In determining whether an arbitrator's misbehavior or misconduct prejudiced the rights of the parties, we ask whether the parties received a fundamentally fair hearing. See, e.g., U.S. Life Ins. Co. v. Superior Nat. Ins. Co., 591 F.3d 1167, 1177 (9th Cir. 2010) ("In short, perhaps [U.S. Life] did not enjoy a perfect hearing; but it did receive a fair hearing. It had notice, it had the opportunity to be heard and to present relevant and material evidence, and the decisionmakers were not infected with bias.") (internal quotation marks omitted). For example, vacatur may be proper under § 10(a)(3) where an arbitrator's ex parte receipt of evidence affected the outcome of the proceedings, Totem Marine Tug & Barge, Inc. v. N. Am. Towing, Inc., 607 F.2d 649, 653 (5th Cir. 1979), or where an arbitrator's post-hearing consultation with an outside expert "tainted" the panel's decision, M & A Elec. Power Co-op. v. Local Union No. 702, Int'l Bhd. of Elec. Workers, AFL-CIO, 977 F.2d 1235, 1237-38 (8th Cir. 1992). Although neither this Court nor our sister circuits have addressed whether vacatur is proper where an arbitrator's purposeful and material deception resulted in his selection [*14] as chairperson of a panel, we agree with Move that such misbehavior constitutes grounds for vacatur under § 10(a)(3). Based on the facts of the case before us, we simply cannot conclude that Move received a fundamentally fair hearing.

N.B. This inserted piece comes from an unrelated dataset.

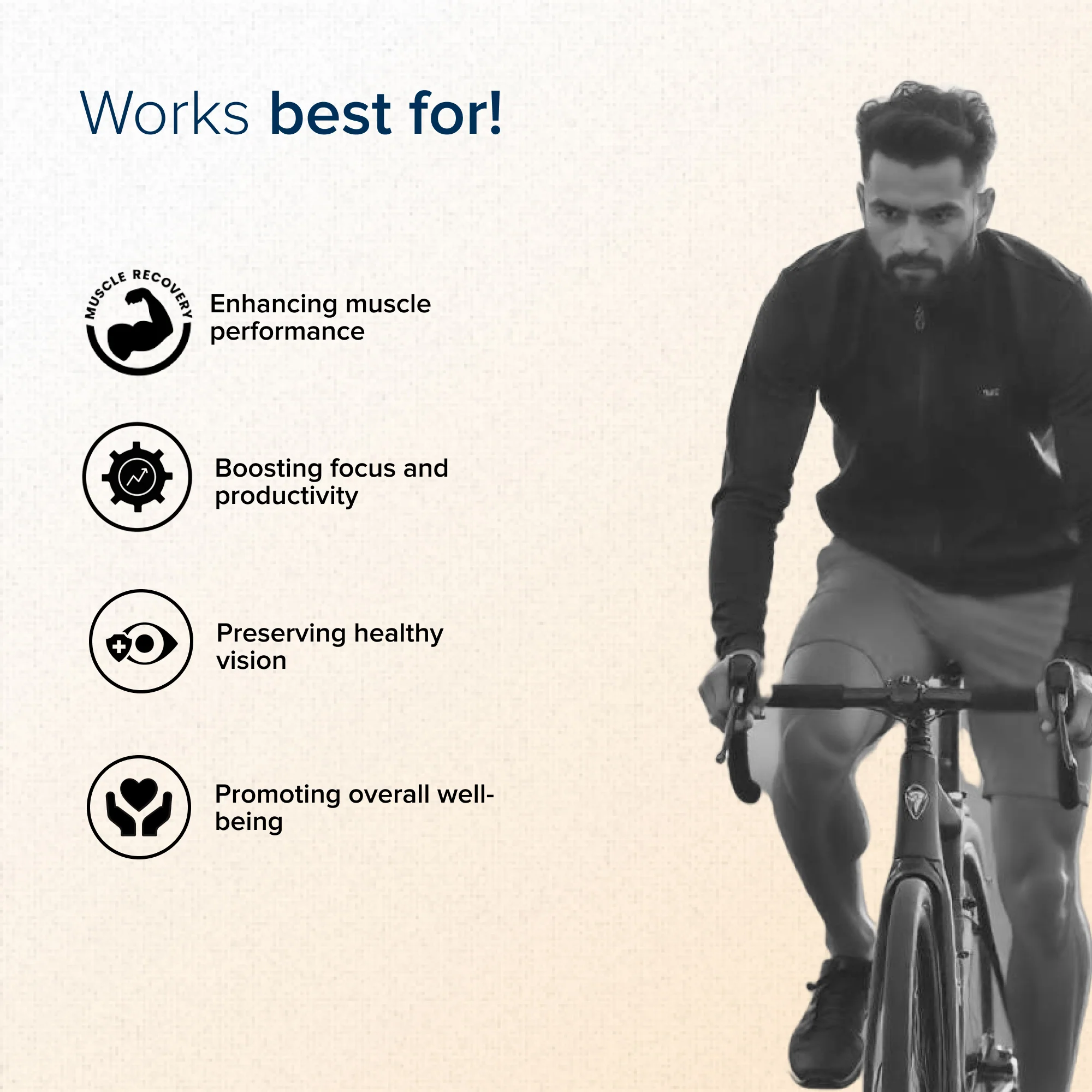 One Daily Multivitamin - Image 17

Upon submitting its claim to arbitration before a FINRA panel, Move made clear throughout the panel selection process that it was critical for an attorney to chair the proceedings. Specifically, Move believed that arbitration of a complex securities claim required a chairperson with the requisite experience to understand and interpret sophisticated legal concepts. As a result, Move struck FINRA candidates from the proposed roster who were not experienced attorneys. Move then ranked Mr. Frank first on its chairperson list, relying on the ADR in which Mr. Frank falsified his credentials.
Citigroup argues that there is no evidence that Mr. Frank influenced other members of the panel or that the outcome of the arbitration was affected by his participation. But there is simply no way to determine whether that was the case. Cf. Stivers v. Pierce, 71 F.3d 732, 747 (9th Cir. 1995) ("Particularly on a small board, . . . it is difficult if not impossible to measure the impact that one member's views have on the process of [*15] collective deliberation. Each member contributes not only his vote but also his voice to the deliberative process.") (citation omitted). In any event, Mr. Frank's participation was itself prejudicial to Move. Under FINRA rules and regulations, such deceit would have permanently disqualified Mr. Frank from serving as a FINRA arbitrator. Indeed, once Mr. Frank's lies were revealed, FINRA immediately removed him from its roster. However, because Mr. Frank's fraudulent conduct was revealed only after the arbitration panel issued its award in favor of Citigroup, the parties received a hearing chaired by an imposter. Because Move and Citigroup agreed to arbitrate their multi-million dollar dispute before a panel of three qualified arbitrators as provided by FINRA's rules and regulations, the parties' rights to such a proceeding were prejudiced by the inclusion of an arbitrator as chairperson who should have been disqualified from arbitrating the dispute in the first place.
Accordingly, under the unique set of facts of this case, we hold that Move was deprived of a fundamentally fair hearing and therefore was prejudiced by the fraudulent conduct of the panel's chairperson, Mr. Frank. Because [*16] Move is entitled to vacatur under § 10(a)(3), we need not address the second question of whether vacatur is also warranted under § 10(a)(4).
We REVERSE the district court's judgment in part and REMAND the case for entry of judgment in favor of Move.